Lorre may come across as wryly self-dismissive. But in a recent interview he says he takes his scribblings very seriously.
"I started this because it was an opportunity to try and write prose, and I found it very satisfying, and very different than writing a script. This is much more personal. And at times," he adds with one of his frequent whaddaya-gonna-do? shrugs, "it's gotten too personal."
You want personal? Just consider Card No. 337, first aired on March 31, 2011. "Never forget," Lorre wrote in part, "that God/The Universe is determined to kill you by whatever means necessary."
That sentiment was vented while erratic, hard-partying Men star Charlie Sheen was clashing bitterly with Lorre and the show's studio, Warner Bros. Only a few weeks earlier, they had been forced to fire Sheen and cut short the show's eighth season.
While being bashed by Sheen all over the media ("I think I'm fairly immune to name-calling now," he wrote in Card No. 345), Lorre was under the gun to salvage TV's top-rated comedy and keep his other shows on track.
How did he cope? "The only thing I could do was work harder," he says.
"It was a terrible time. It was awful," he goes on. "I was really heartbroken by how it all played out. And angry. He was my friend. We were all concerned about him. We thought he was going to die."
Sheen now stars in a TBS sitcom Anger Management, while Men has entered its 10th season with Ashton Kutcher in his sophomore year as Sheen's replacement. Lorre insists that, despite that stormy period, the man once billed as "the angriest man in television" has found peace of mind.
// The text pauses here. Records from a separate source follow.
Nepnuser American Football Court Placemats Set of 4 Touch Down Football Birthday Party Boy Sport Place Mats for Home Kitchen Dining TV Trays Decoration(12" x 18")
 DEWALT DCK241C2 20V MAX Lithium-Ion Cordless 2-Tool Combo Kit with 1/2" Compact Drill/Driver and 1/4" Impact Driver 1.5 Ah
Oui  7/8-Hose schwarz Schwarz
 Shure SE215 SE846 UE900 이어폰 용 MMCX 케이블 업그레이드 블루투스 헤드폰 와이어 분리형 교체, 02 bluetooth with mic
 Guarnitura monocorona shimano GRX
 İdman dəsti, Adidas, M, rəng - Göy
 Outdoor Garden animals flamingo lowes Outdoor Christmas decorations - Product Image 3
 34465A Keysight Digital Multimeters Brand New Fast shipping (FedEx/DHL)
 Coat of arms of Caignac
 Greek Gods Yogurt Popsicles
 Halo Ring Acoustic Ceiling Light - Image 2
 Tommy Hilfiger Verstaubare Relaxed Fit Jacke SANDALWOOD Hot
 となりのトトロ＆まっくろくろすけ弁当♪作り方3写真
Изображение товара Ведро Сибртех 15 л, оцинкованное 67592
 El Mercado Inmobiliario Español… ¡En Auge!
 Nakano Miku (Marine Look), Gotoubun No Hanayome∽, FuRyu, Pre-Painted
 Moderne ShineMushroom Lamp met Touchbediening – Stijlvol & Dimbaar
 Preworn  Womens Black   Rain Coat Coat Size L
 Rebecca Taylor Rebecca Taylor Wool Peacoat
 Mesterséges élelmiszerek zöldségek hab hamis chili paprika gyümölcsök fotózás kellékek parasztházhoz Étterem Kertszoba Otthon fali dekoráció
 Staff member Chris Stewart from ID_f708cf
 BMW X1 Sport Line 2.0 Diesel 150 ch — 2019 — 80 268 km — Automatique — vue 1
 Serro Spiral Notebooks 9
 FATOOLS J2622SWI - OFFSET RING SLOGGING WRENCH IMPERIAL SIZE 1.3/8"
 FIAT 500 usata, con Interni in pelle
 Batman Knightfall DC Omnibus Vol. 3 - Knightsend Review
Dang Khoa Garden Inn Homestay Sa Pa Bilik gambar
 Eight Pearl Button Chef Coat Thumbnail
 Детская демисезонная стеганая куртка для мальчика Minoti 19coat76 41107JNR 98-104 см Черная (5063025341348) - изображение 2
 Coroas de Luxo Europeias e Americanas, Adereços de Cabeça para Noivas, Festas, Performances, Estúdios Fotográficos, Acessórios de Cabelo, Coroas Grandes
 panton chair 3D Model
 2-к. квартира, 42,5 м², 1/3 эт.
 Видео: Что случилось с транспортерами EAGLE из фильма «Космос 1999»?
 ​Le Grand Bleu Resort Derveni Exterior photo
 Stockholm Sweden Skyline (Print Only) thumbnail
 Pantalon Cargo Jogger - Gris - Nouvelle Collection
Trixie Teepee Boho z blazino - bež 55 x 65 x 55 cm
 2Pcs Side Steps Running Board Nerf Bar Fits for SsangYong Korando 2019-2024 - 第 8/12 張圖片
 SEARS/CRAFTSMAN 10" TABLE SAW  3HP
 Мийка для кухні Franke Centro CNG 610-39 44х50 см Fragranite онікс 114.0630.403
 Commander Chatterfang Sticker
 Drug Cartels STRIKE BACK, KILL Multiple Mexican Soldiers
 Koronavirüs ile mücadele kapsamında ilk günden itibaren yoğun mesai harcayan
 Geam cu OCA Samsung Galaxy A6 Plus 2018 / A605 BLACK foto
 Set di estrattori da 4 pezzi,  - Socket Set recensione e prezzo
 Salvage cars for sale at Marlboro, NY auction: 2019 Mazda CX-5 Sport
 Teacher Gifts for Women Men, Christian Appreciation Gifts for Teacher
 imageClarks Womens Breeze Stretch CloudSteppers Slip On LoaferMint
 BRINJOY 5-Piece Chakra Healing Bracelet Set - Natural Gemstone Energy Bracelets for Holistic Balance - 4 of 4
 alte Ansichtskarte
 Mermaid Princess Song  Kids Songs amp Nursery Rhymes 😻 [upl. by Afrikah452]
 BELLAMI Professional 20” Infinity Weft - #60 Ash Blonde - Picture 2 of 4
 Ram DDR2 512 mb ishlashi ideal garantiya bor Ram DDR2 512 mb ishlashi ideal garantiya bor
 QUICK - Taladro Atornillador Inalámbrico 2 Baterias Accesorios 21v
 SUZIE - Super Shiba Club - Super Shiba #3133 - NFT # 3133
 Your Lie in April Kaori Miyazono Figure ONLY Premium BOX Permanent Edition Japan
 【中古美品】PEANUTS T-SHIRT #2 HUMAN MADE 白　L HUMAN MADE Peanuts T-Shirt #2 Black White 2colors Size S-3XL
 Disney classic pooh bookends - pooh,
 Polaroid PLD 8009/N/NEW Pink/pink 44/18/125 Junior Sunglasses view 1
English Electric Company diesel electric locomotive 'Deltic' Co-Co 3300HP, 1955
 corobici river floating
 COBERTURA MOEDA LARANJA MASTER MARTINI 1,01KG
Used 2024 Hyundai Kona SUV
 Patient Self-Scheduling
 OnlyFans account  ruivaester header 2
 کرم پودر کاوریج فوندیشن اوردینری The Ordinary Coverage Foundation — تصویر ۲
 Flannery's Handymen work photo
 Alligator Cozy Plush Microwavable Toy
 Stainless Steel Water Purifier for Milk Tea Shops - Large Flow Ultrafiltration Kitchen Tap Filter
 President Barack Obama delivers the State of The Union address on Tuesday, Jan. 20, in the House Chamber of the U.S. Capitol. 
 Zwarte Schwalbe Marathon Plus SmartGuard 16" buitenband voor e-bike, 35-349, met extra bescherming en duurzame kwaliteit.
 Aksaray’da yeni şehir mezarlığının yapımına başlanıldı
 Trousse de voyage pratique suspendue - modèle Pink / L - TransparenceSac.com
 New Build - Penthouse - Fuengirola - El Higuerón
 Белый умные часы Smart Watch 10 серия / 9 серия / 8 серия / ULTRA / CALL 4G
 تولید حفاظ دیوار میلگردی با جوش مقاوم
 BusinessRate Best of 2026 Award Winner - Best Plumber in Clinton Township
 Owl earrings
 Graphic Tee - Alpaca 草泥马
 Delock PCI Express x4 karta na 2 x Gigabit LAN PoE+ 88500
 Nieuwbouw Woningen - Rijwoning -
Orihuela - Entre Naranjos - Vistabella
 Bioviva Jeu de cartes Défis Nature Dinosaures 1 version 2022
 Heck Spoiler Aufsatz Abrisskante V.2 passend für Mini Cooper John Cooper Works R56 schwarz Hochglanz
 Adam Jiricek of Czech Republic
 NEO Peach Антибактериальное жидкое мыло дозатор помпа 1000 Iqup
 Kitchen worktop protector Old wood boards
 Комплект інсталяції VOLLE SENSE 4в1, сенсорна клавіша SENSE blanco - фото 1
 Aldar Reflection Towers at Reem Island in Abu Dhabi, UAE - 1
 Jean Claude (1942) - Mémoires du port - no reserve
"You need to get to know Chuck 2.0," he says when past reports of Combative Chuck are mentioned. "I look around sometimes and I can't believe all this has happened to a journeyman guitar player. Truly, I've been blessed."
He allows that there was a time "when anger was the fuel to fend off other voices that wanted control of the creative process. I've never been a big fan of creation by committee: a committee of other comedy writers, yes; network executives, no."
With a wiry frame, a trim beard and a head of tangled curls, Lorre is self-taught as a sitcom scribe. Now 60, the Long Island, N.Y. native got the itch to write for TV in his mid-30s, after a decade or more spent touring the country as a less-than-wildly-successful guitarist-songwriter.
After writing a spec script for The Golden Girls, he found his way to Roseanne, then created the ABC sitcom Grace Under Fire, starring comedian Brett Butler, and Cybill, starring Cybill Shepherd. These were rocky stretches for Lorre, each marked by his premature exit.
Dharma & Greg proved to be a more pleasant experience. But it wasn't easy.
"Telling a story in a 22-minute sitcom is hard," Lorre says. "There was a lot of faking it while I was learning the craft. I didn't get the hang of it for 12 or 13 years."
That was around 2003, when he co-created Two and a Half Men.
In 2007, he hit the jackpot again when he co-created The Big Bang Theory.
Then, in 2010, he won the triple crown with Mike & Molly.
All were huge successes and established Lorre as the biggest sitcom magnate since Norman Lear's reign in the 1970s with such blockbusters as All in the Family and Sanford and Son.